Time domain astronomy is a thriving field, allowing astronomers to discover and characterize variables such as exoplanets, quasars, stellar variables, and more.  However, with the advent of wide-field sensitive surveys at high observing cadence, analyzing these data present unique challenges. This dissertation considers methods of detecting and characterizing variables and exoplanets in computationally efficient ways and explores their statistical sensitivity.   

 I consider the Vera Rubin Observatory (VRO) Legacy Survey of Space and Time (LSST), which is set to start regular operations in 2024.  This survey will observe a large area of the southern sky over 10 years, detecting 17 billion resolved stars.  LSST is not optimized for exoplanet science but presents a unique opportunity to contribute to this field as a secondary science objective.  As the transit depth of a super-Earth exoplanet around an M6V dwarf star is as deep as a Hot Jupiter transiting a solar-type star, I explore the likelihood that LSST will be able to detect an M dwarf system with transiting exoplanets given the scientific importance of such systems.  Short transit duration exoplanets of this type present a computationally expensive detection problem given the required sampling in orbital phase and frequency when using a common algorithm such as the Box Least Squares (BLS) method.  
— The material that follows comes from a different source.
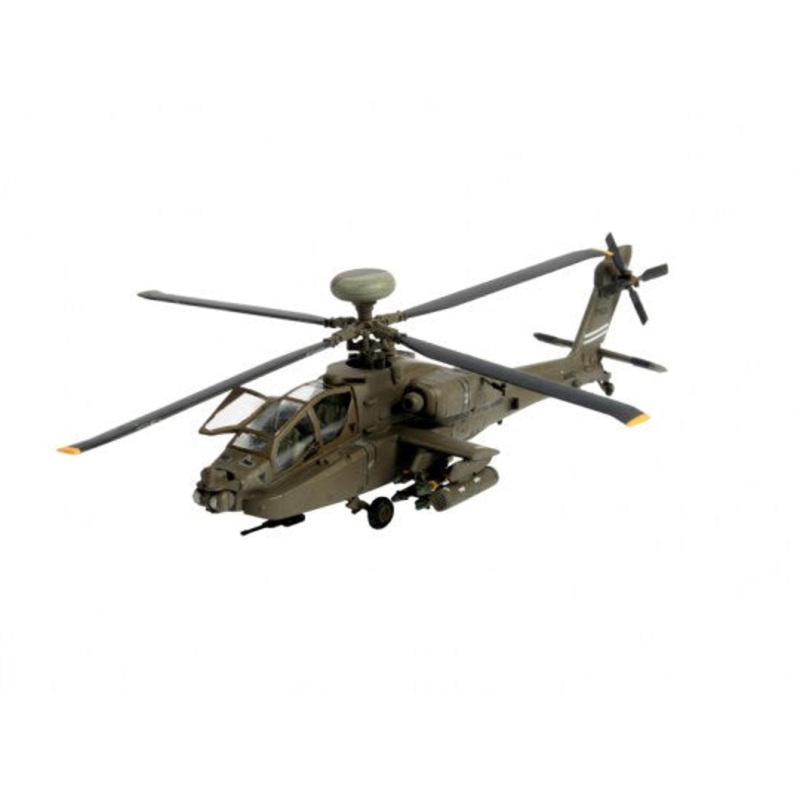 Revell 64046 Model Set - AH-64D Longbow Apache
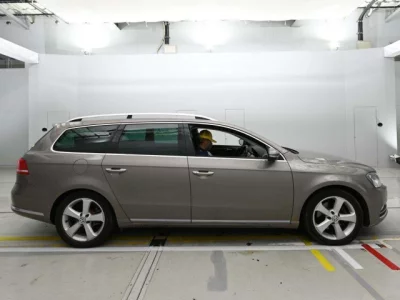 Volkswagen PASSAT VARIANT  с аукциона в Японии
I show that this computational complexity can be mitigated using scientifically and mathematically supported sampling mitigations.  Using this modified application of BLS in a high performance computing (HPC) setting, I find that up to 83.7\% of $2.5 R_{\oplus}$ planets orbiting an M6 star at a distance $d=100$ pc and with periods $P\leq 3$ days are recoverable in the LSST Deep Drilling observing cadence.
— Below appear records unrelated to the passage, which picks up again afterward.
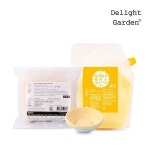 딜라잇가든 미니 에그타르트 쉘(12g/54개입)+타르트 베이스1kg : 천둥마켓지
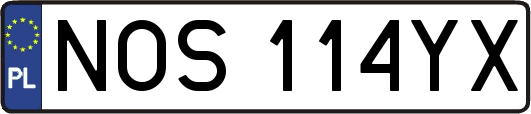 NOS114YX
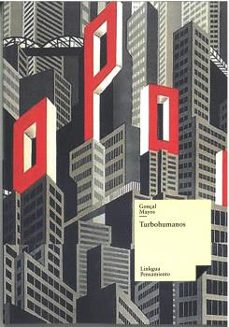 turbohumanos-gonçal mayos-9788499537504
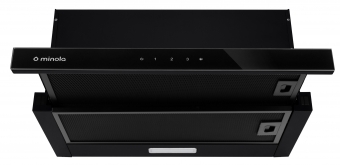 Minola HTLS 6634 BLF 1000 LED GLASS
Furthermore, I conservatively estimate that it is possible to detect transits of $\gtrsim$ 7 closely orbiting super-Earths and Earths around nearby M6V stars over the 10 year LSST survey.
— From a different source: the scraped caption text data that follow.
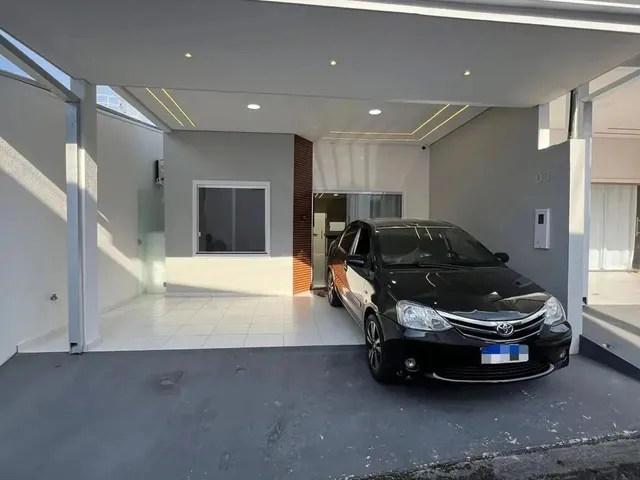 Imagem: Casa em Residencial Fechado/ Parque Dez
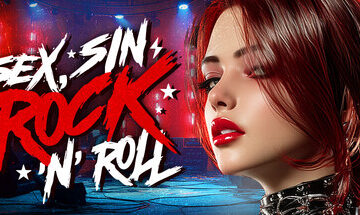 SEX, SIN & ROCK'N'ROLL 🤘🎸 Game Free Download [v1.0 Uncensored]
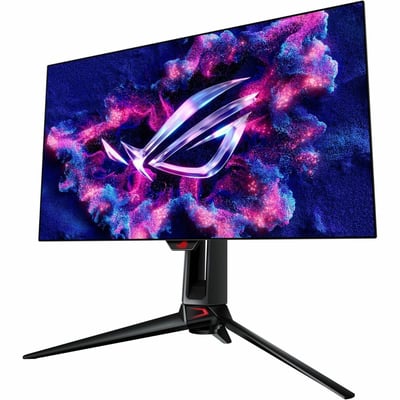 ASUS ROG SWIFT OLED 27 1440P WOLED QHD 480HZ 0.03MS G-SYNC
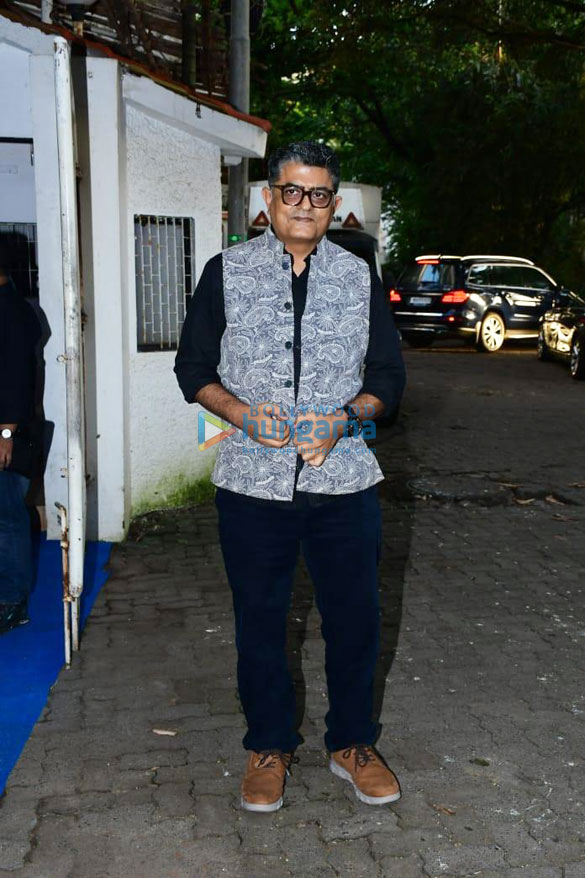 photos celebs grace the screening of madhuri dixits film maja ma 2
I also consider the identification and characterization of variable objects in the Dark Energy Survey (DES) Supernova fields (DES-SN), which have higher observing cadences. Identifying variable astrophysical objects is crucial to current and future wide-field astronomical surveys, as these objects provide a rich opportunity to provide limits for physical constraints on inherent variability mechanisms.  The Damped Random Walk (DRW) algorithm that leverages the Kalman filter was used to generate a unique Dark Energy Survey Variability catalog (DESVAR\_DR2, accessible via Github).  This catalog yields a complete census of single-band and multi-band variables within the DES-SN fields.  This catalog characterizes stellar variables and active galactic nuclei, finding a total of 61,898 robust variable objects. 

Finally, I explore an application of the BLS method to simulated exoplanet light curves with cadences matching the DES-SN fields.  This assessment of the  sensitivity and bias of this method for the DES-SN observing cadence and DES photometric noise model is a crucial first step in understanding the potential contribution of DES to exoplanet science. This work shows that cadences in the DES-SN fields with the minimum number of observations are not ideal for exoplanet identification, with a maximum exoplanet recovery rate of only $\sim 30\%$. I further find in these simulation studies that only $\sim42\%$ of all Warm Neptunes around K7V stars would be detected with a maximal shallow field DES-SN cadence. However, DES is more suited to detecting either Hot Jupiters around solar-type stars or super-Earths orbiting M dwarf stars for cadences that have either the median or maximum number of observations for the DES-SN shallow fields.